O parecer diz mais sobre o que os juízes pensam do território nacional do que sobre o próprio Tribunal Constitucional: para eles Portugal é Lisboa.

A questão vale o que vale. Esta mudança de localização não é verdadeira descentralização, que tanta falta faz ao país, mas seria já um bom sinal. De resto, não é a mudança do Tribunal Constitucional para Coimbra que vai salvar a cidade do seu declínio. Para isso não basta um Tribunal com 12 juízes e uns quantos funcionários. Seria preciso muito mais: políticas de transparência na governação camarária, de atracção do investimento, de protecção dos desfavorecidos de modo a garantir igualdade de oportunidades, de promoção da marca Coimbra dentro e fora do país, de planeamento do futuro de modo sustentável.
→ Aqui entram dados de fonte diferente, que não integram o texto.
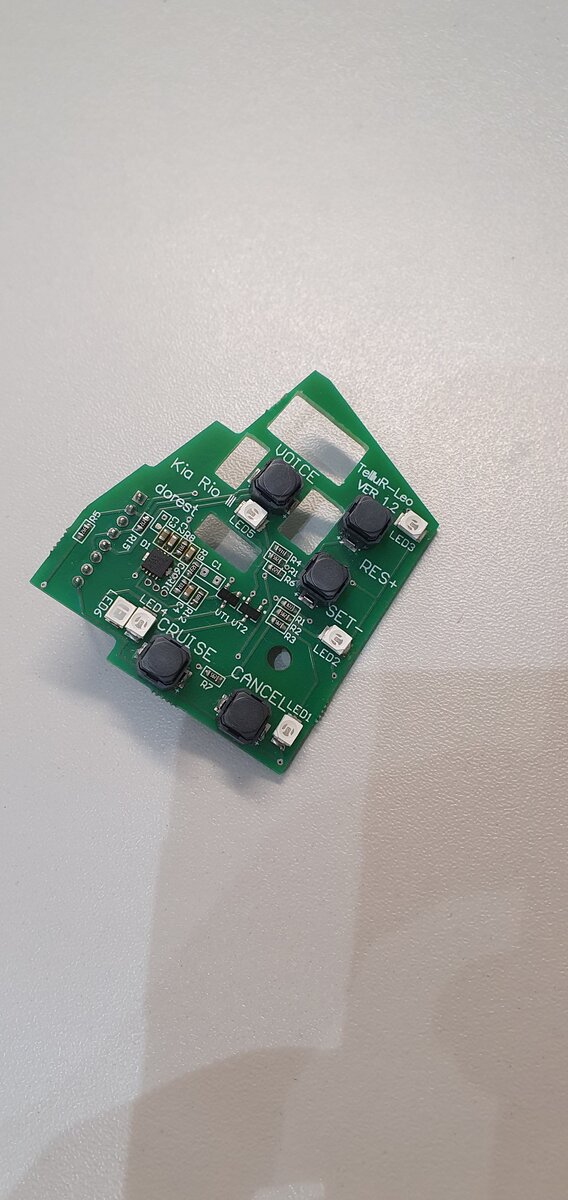 Плата версии 1.2 изготовлена для кнопок от Kia Picanto, которые с некоторой доработкой устанавливаются в Kia Rio 3 2011-2015 (дорестайл)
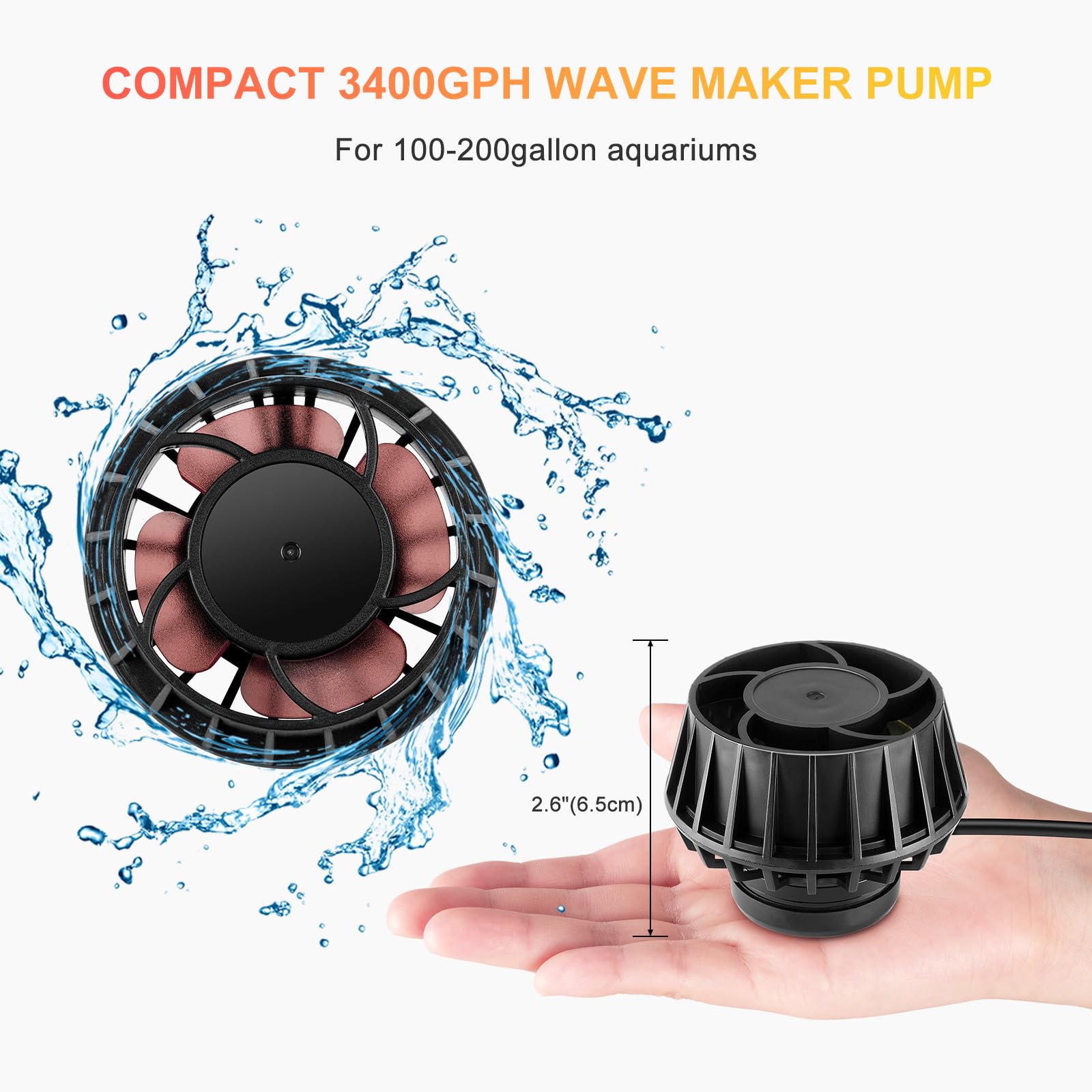 JEREPET 3400GPH Aquarium Wave Maker DC24V Power head with Magnetic Mounting,Wavemaker with Controller for 100-200 Gallon Fish Ta
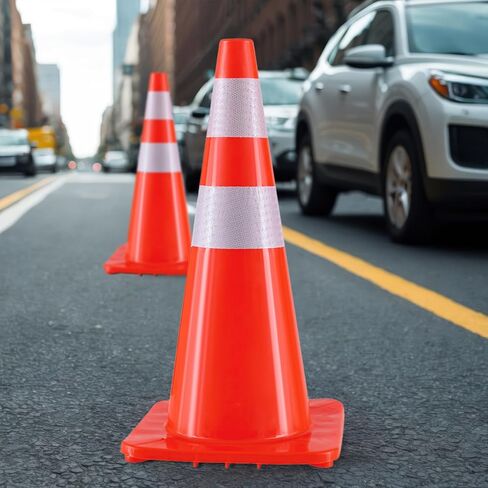 2 حزمة الأقماع حركة المرور 18 "بوصة برتقالية PVC مرور المخاريط ، Orange Road وقوف السيارات مخروطات البناء الثقيلة مخروطية من الناحية الهيكلية لموقف السيارات ، الممر ، أحداث البناء in Kuwait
Mas parar com esta caminhada nacional no sentido da macrocefalia do país, em que Portugal é uma capital gorducha rodeada de bonita paisagem, já ajudaria a que alguma coisa mudasse.

Se as pessoas que aplicam a nossa Constituição acham que só Lisboa é que é prestígio, para quem nos devemos voltar quando quisermos lembrar que o artigo 81.º da Constituição diz, na sua alínea d), que incumbe prioritariamente ao Estado promover, entre outras coisas, a “coesão económica e social de todo o território nacional, orientando o desenvolvimento no sentido de um crescimento equilibrado de todos os sectores e regiões”? Está visto que para o Palácio Ratton não é de certeza. Talvez, um dia, nos possamos voltar para juízes que apliquem a Constituição a partir do Palácio dos Grilos, ou de outro edifício na cidade que fez nascer a ciência jurídica em Portugal. A Iniciativa Liberal de Coimbra cá estará para ajudar a que isso aconteça.